36C’era anche una profetessa, Anna, figlia di Fanuele, della tribù di Aser. Era molto avanzata in età, aveva vissuto con il marito sette anni dopo il suo matrimonio, 37era poi rimasta vedova e ora aveva ottantaquattro anni. Non si allontanava mai dal tempio, servendo Dio notte e giorno con digiuni e preghiere. 38Sopraggiunta in quel momento, si mise anche lei a lodare Dio e parlava del bambino a quanti aspettavano la redenzione di Gerusalemme.

39Quando ebbero adempiuto ogni cosa secondo la legge del Signore, fecero ritorno in Galilea, alla loro città di Nàzaret. 40Il bambino cresceva e si fortificava, pieno di sapienza, e la grazia di Dio era su di lui.

C'è qualcosa che colpisce subito l'uditore attento del brano di vangelo della Liturgia di oggi, nella quale celebriamo la Santa Famiglia di Nazareth: per ben cinque volte, infatti, viene ripetuto che Giuseppe e Maria si trovavano a Gerusalemme per compiere con “ciò che era prescritto nella Legge”.

I genitori di Gesù vengono presentati da Luca come degli israeliti pienamente osservanti che portano il bambino al tempio quaranta giorni dopo la sua nascita, per essere “riscattato” come ogni primogenito pagando un'offerta di cinque sicli d'argento (era circa una mensilità lavorativa): di Giuseppe non si dice che l'abbia fatto (già questo ci dice che forse non riusciva a lavorare con regolarità), e allora si preoccupa almeno della purificazione della madre. Secondo la legge di Mosè presente nel libro del Levitico, la donna che aveva partorito un figlio veniva considerata impura e doveva stare confinata in casa per quaranta giorni: al termine di questo periodo doveva presentarsi al tempio per essere purificata offrendo un agnello in olocausto, ma se la famiglia era povera e non si poteva permettere l'agnello, poteva offrire due piccioni o due tortore. Questa pratica non era più diffusa tra i Giudei ai tempi di Gesù, e non era più necessario portare il bambino fino al tempio: il padre poteva pagare la propria offerta consegnandola a un sacerdote del villaggio. Giuseppe e Maria, invece, forse per il fatto di trovarsi a Betlemme, abbastanza vicina a Gerusalemme, vogliono rispettare la tradizione alla lettera.

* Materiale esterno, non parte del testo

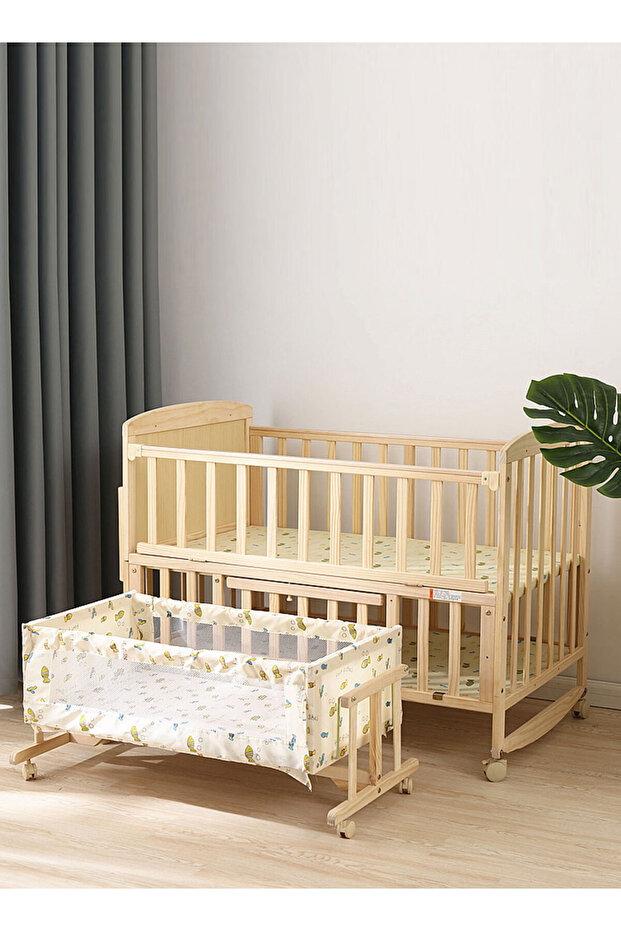 سرير أطفال متعدد الوظائف - 1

Insieme a questo accenno alla stretta osservanza della tradizione da parte dei due coniugi di Nazareth, l'evangelista inserisce un altro elemento, che spesso nell'Antico Testamento aveva assunto un carattere antitetico a quello della Legge, vale a dire la Profezia. Due anziani profeti, Simeone e Anna, mossi dallo Spirito (come sempre, il vero motore della Profezia, nel mondo e nella Chiesa), senza alcun accenno a elementi legati alla legge e alla tradizione, prendono in braccio il bambino e lo proclamano “salvezza, luce, gloria, redenzione di Gerusalemme e dell'intero Israele”: senza, peraltro, esimersi dal ribadire ai suoi genitori, con tanto sano realismo, che ciò avverrà “con lacrime e sangue”, e quindi che non si facciano illusioni sui sogni di gloria legati a questo bambino.

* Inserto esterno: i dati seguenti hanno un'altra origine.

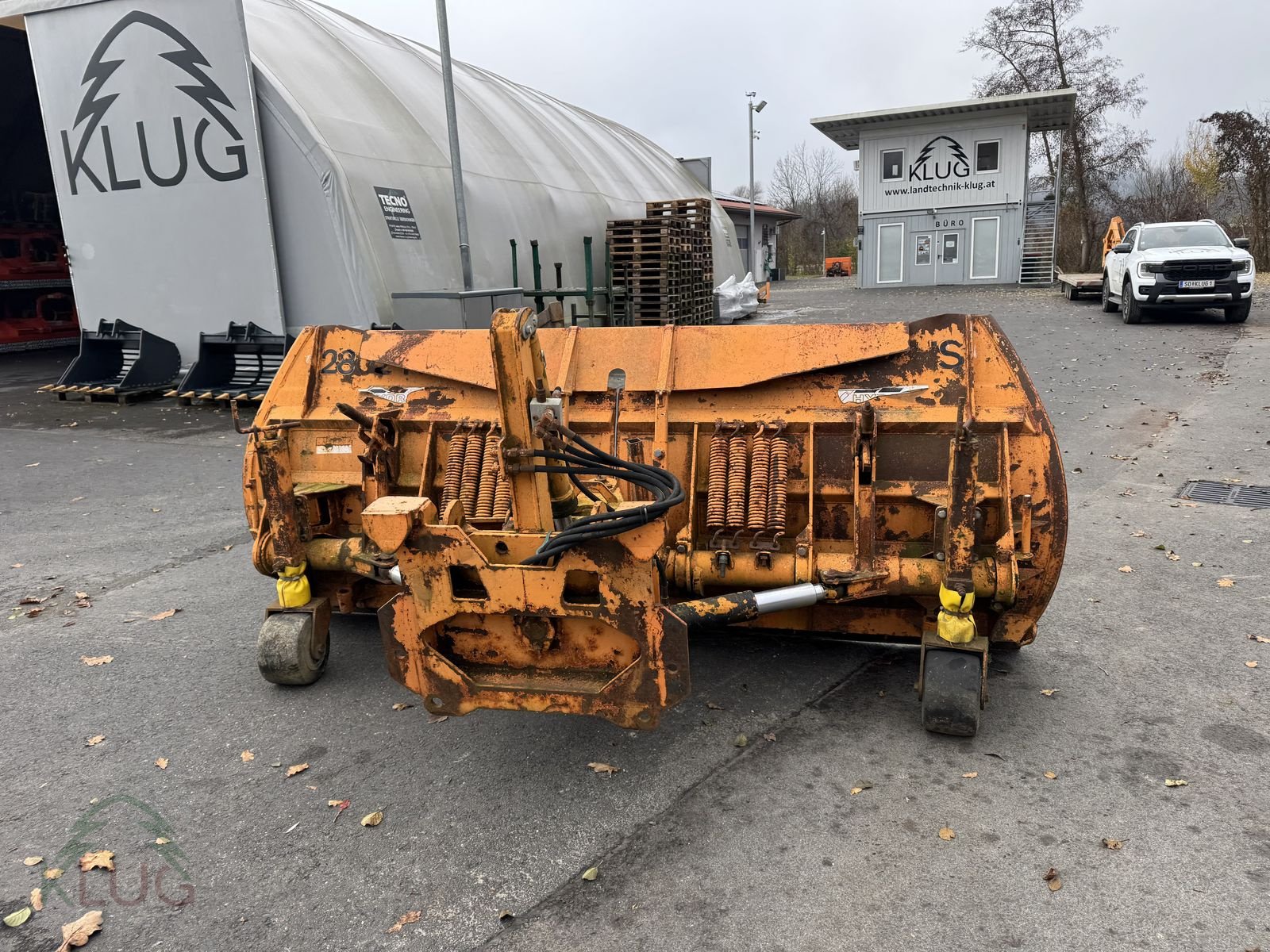 Schneepflug του τύπου Hydrac Schneepflug 3.000mm mit Kommunalplattenanbau, Gebrauchtmaschine σε Pirching am Traubenberg (Φωτογραφία 8)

Ora, pensando a questi “quadretti di famiglia” e cercando di attualizzarli un po', mi viene da pensare che spesso, nelle nostre famiglie, ci si barcamena tra questi due aspetti: da una parte, la fedeltà alla tradizione, alle leggi, alle norme e alle consuetudini ricevute dai nostri genitori, dai nostri avi e predecessori, e giunte fino a noi perché tramandate di padre in figlio, a volte attualizzate e rilette alla luce dell'oggi, altre volte mantenute in una integrità che rischia di non dire più nulla all'uomo contemporaneo; dall'altra parte, l'elemento “profetico”, ovvero quello della novità, del rinnovamento, dell'innovazione, del cambio di mentalità, della rivoluzione delle idee, spesso legato ai cambiamenti generazionali, anche se non sempre è così. Infatti, quello che vediamo narrato da Luca nel brano di Vangelo va un po' fuori dallo schema “giovani = innovazione e profezia”, “anziani = tradizione e immobilismo”.

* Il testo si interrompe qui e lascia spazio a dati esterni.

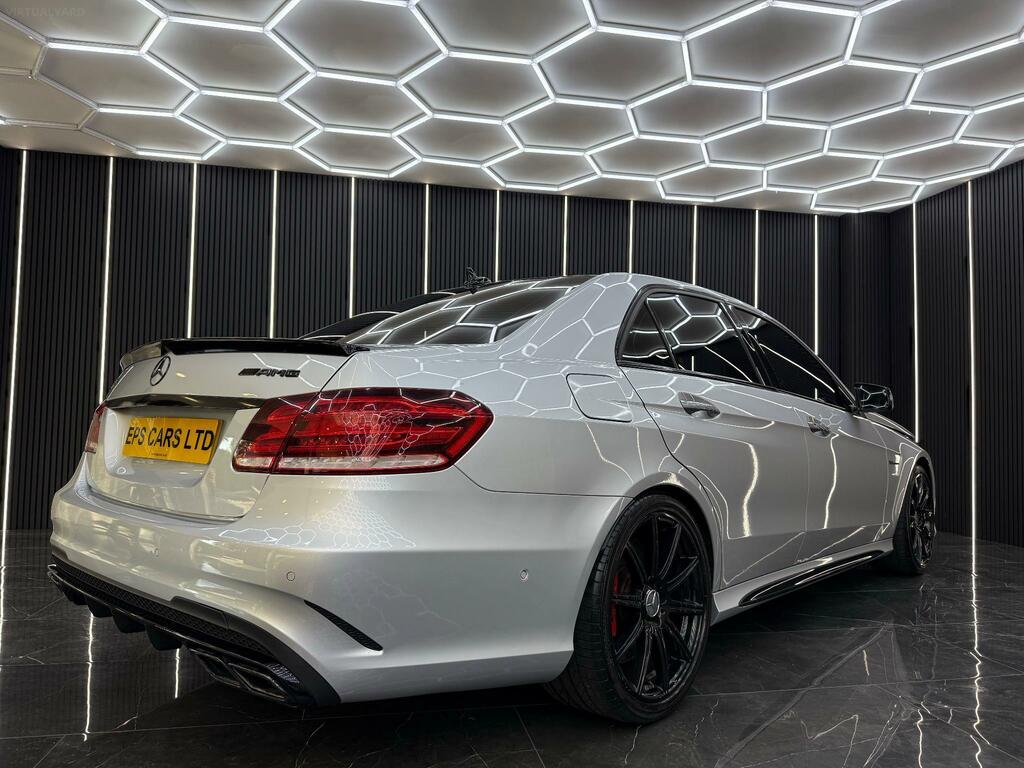 Mercedes-Benz E Class Amg E63 #6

Nella vicenda del tempio di Gerusalemme, chi si dimostra profetico e aperto alla voce dello Spirito non sono certo i due giovani sposini di Nazareth, bensì i due vegliardi abitanti del tempio, ai quali invece ci verrebbe di applicare, data l'età e l'esperienza, l'etichetta di tradizionalisti e veterotestamentari. E invece no: sono proprio loro quelli profetici, quelli aperti alla novità, quelli che hanno lo sguardo proiettato in avanti, quelli che non si fissano sulle regole imposte dalla tradizione e guardano al futuro con fiducia, speranza, gloria, senza tuttavia tralasciare di tenere i piedi ben fissi a terra, consapevoli che le profezie e le novità si realizzano con la fatica, la sofferenza e il dolore, anche a costo - a volte - che “una spada ci trafigga l'anima”, perché chiamati a essere “caduta e resurrezione per molti”, “segni di contraddizione per svelare i segreti dei cuori”.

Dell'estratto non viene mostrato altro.